ONE HUNDRED FORTY-ONE: Waves VII
by
141
******
Alden shifted Zeridee on his back and peered out of the gaping hole in the front wall of Apogee Artist Spaces.
Liam had just made it to the intersection. The man’s chest was wrapped in white light; he’d found some kind of flexible, glowing tubing in his studio or the wreckage. And his feet were covered now—one with a shoe, one with something Alden couldn’t identify from here.
Good luck, he thought as the Brute leaped over what looked like a destroyed refrigerator and disappeared around the corner.
My turn to go.
He wanted a flashlight, but while he’d listened to Liam frantically searching his ruined studio for supplies, he’d decided that it would take too long to find one in this mess. Better to get off this street and to a clearer area first.
The boom rooms had only partially lived up to their names. On this hall that connected directly to the building’s entryway and exterior, most of the rooms were standing, but their doors had been blown inward by the force of the water. All kinds of things had gotten scrambled and smashed. Some of the mess had drifted into the hallway or out of the building altogether when the water retreated. He was guessing most of it had left through the giant gap where the puzzle door and the stretch of concrete wall on one side of it had once been.
There was an entire room missing there, just behind Alden and to his left. Reinforced walls had been turned to rubble, and so much of the ceiling was gone that the second floor was exposed.
He couldn’t help looking back at that area one last time, wondering if he could possibly be correct about how it had happened.
It looks like a torpedo hit the front of the building and burst through there instead of just the big wave.
“Hey,” he said, staring at the thing he suspected of being that torpedo. “You don’t happen to have a package with a flashlight in you, do you?”
A glowing red hand sign appeared, illuminating an odd nook in the rubble as it waved hello. It looked like something largish had been sitting there, supporting the debris as it fell all around it, and then that something had disappeared.
Now, there was a single Post Drop in the precise center of that space, standing upright.
Alden wasn’t sure it was fair of him to be suspicious of the Drop. The mailbox wasn’t totally unharmed. Its solar panel top was broken from where a broken pipe had hit it. The screen that was displaying the hand was shattered. And some rubble around it ruined the perfection of the strange pocket it sat in.
But the pocket was still there. It looked like it could have been created by a water bubble that had surrounded the Post Drop and launched it into Apogee. And the mailbox was in unexpectedly fantastic shape if it was a regular victim of a massive wave.
The glowing hand turned into a smiley face.
“I’m sorry, customer. I don’t recognize you. My connection to System information seems to be malfunctioning. Please input your name on the touchscreen if you’d like to send mail.”
“Where did you come from?” Alden asked it, thinking that he might at least get the name of a location. He’d know to avoid going that way as he traveled, since missing mailboxes didn’t bode well for the conditions there.
But there must not have been a programmed response for that question. The device said “I’m sorry, customer,” again in that same tonelessly polite voice. Much more boring than the one Alden remembered from the Post Drop he’d used to send his message to the Velras.
That feels like it was years ago.
Before he left home. Before he was a Rabbit. Somewhere on the other side of that chasm in his life.
He took a deep breath. “All right, Zeridee. Let’s go for a walk.”
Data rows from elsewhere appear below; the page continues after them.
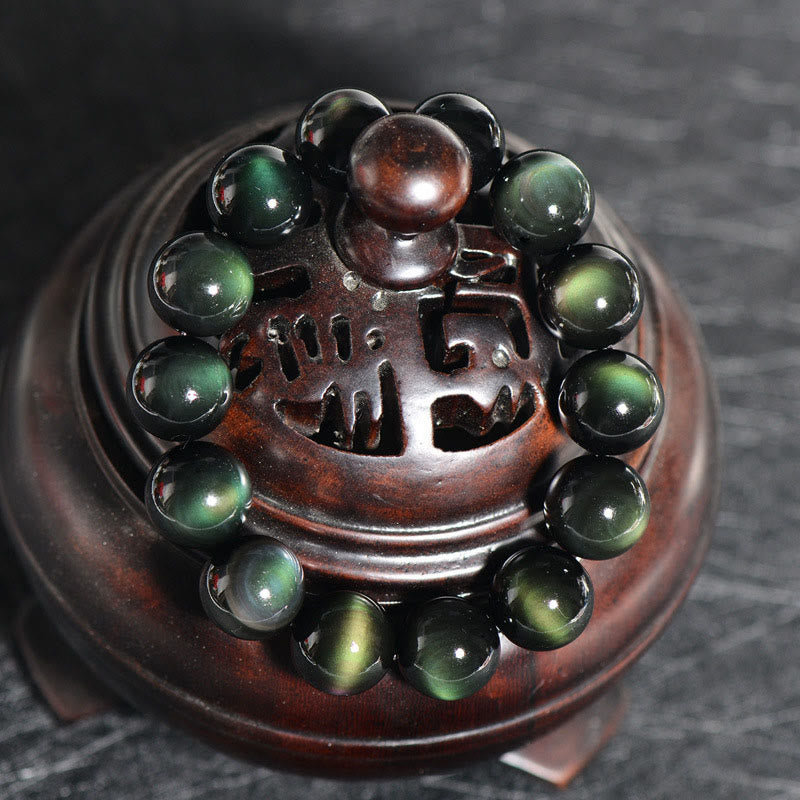 Oriental Buddha Natural Green Eye Obsidian Wealth Bracelet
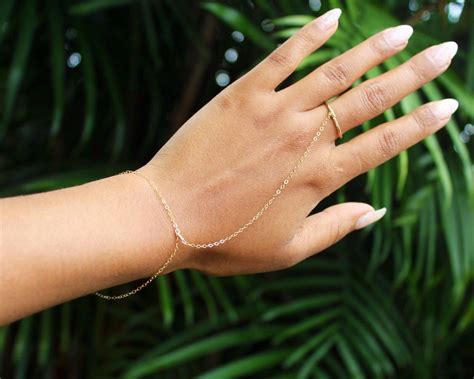 gold hand chain ring bracelet delicate chain adjustable etsy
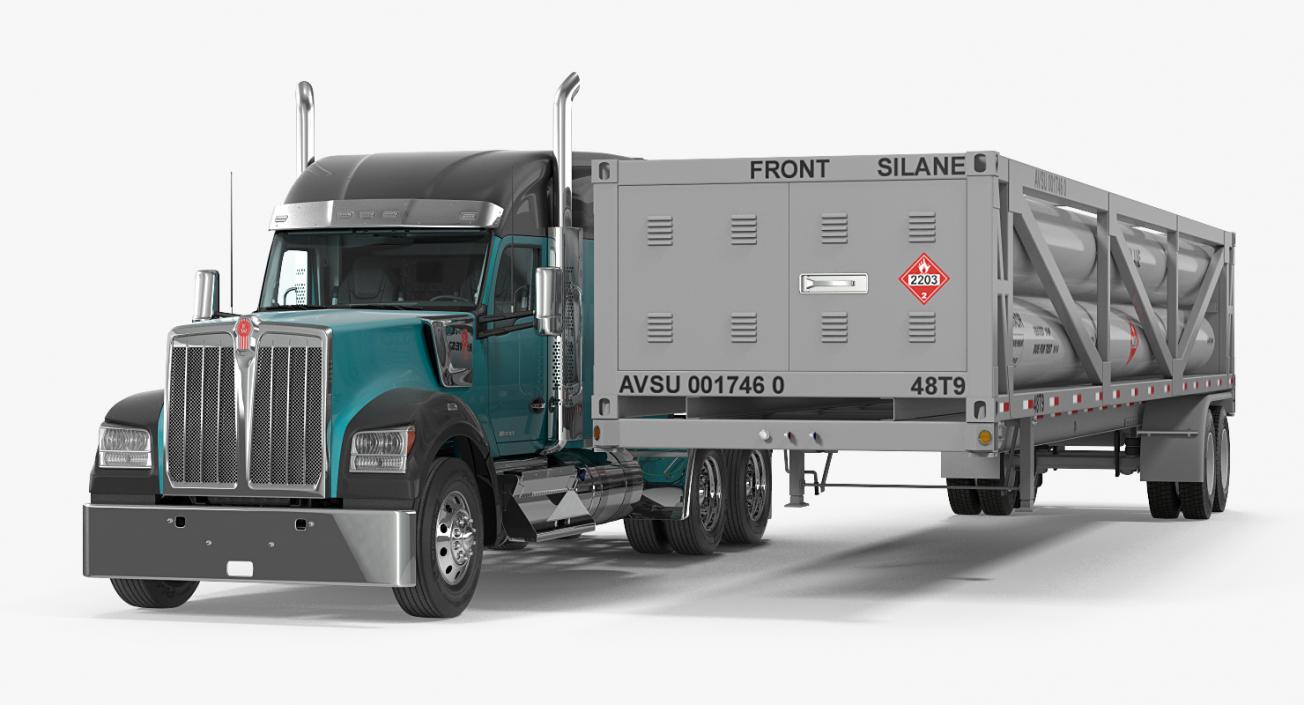 3D Truck Kenworth W990 with LNG Trailer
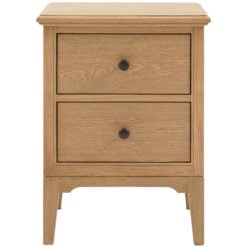 Rustic Country Farmhouse Light Oak Wood 2 Drawer Bedside Cabinet Side Table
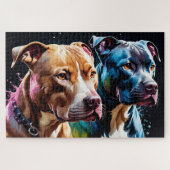Twee Pit Bulls portret Legpuzzel (Horizontaal)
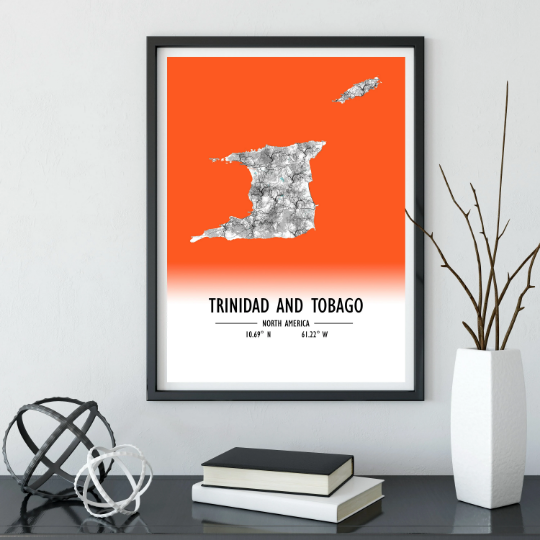 Map Poster Trinidad and Tobago / Trinidad and Tobago Map Print / Trinidad and Tobago Map Wall Art / Trinidad and Tobago Décor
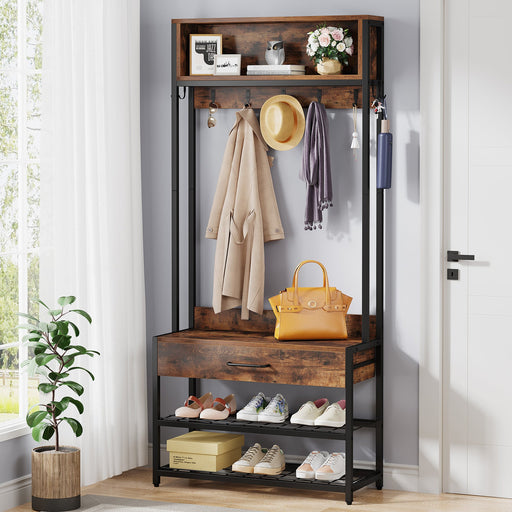 Carmelita Black Hall Tree with Shoe Storage and Coat Rack, Shoe Organi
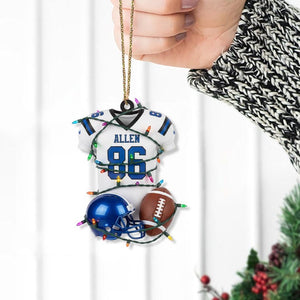 Personalized Football Jersey Ornament Custom Name with Helmet and Football Design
He stepped out of the building onto what had once been a pristine sidewalk, but before he could go any farther, a motion a few feet ahead caught his eye.
Then the light of the mailbox winked out, and he couldn’t see clearly enough to make out the source of the motion anymore.
“Post Drop.”
The red light came back on behind him.
“I’m sorry, customer. I don’t recogni—”
Alden ignored it. He took another step, debris crunching beneath his feet, and looked down. There was a small snake, curled up on top of a piece of fiberboard beside a plastic bento box decorated with cherry blossoms.
The animal wasn’t moving now, but it was still in one piece.
“You got washed all the way out here? That must have been a cold, scary swim.”
Liam’s snake was pencil thin and even though Alden couldn’t make out the color right now, he knew from seeing it in its habitat earlier that its patterned skin was primarily dark orange.
“I hear you’re friendly. But are you deadly?”
He glanced at the bento. It had a lid.
Practically fate then.
Alden groaned like an old man as he bent down with Zeridee’s weight on his back.
The bento had a pair of chopsticks clipped to the inside of the lid.
“I’m neutral on snakes,” he said, slipping the sticks under the creature. “I’m not neutral on being bitten by venomous ones. So please forgive me for poking you with these things and trapping you in a lunchbox instead of carrying you around on my nice warm body.”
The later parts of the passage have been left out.